Here 'struct bpf_aio' instance isn't stored in map, and it is provided
from struct_ops callback(bpf_aio_complete_cb), I appreciate you may share
any idea about how to let KF_ACQUIRE/KF_RELEASE cover the usage here.

> and a few other things, but before doing any in depth review
> from bpf pov I'd like to hear what block folks think.
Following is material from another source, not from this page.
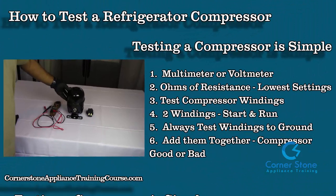In today's video you're going to learn how to test a refrigerated compressor. Testing a compressor is pretty simple. You're going to need a multimeter or voltmeter. We're going to test ohms of resistance at the lowest settings.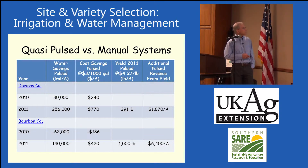Davies County — here's the water savings. We had a comparison between growers putting on water as they normally did and the pulse system. In 2010, we saved 80,000 gallons. In 2011, we saved 256 gallons for this amount.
Me too, look forward to comments from our block guys.

> 
> Motivation looks useful,
> but the claim of performance gains without performance numbers
> is a leap of faith.

Follows some data:

1) ublk-null bpf vs. ublk-null with bpf

- 1.97M IOPS vs. 3.7M IOPS  

- setup ublk-null

	cd tools/testing/selftests/ublk
	./ublk_bpf add -t null -q 2

- setup ublk-null wit bpf

	cd tools/testing/selftests/ublk
	./ublk_bpf reg -t null ./ublk_null.bpf.o
	./ublk_bpf add -t null -q 2 --bpf_prog 0

- run  `fio/t/io_uring -p 0 /dev/ublkb0`

2) ublk-loop

The built-in utility of `ublk_bpf` only supports bpf io handling, but compared
with ublksrv, the improvement isn't so big, still with ~10%. One reason
is that bpf aio is just started, not optimized, in theory:

- it saves one kernel-user context switch
- save one time of user-kernel IO buffer copy
- much less io handling code footprint compared with userspace io handling

The improvement is supposed to be big especially in big chunk size
IO workload.


Thanks,
Ming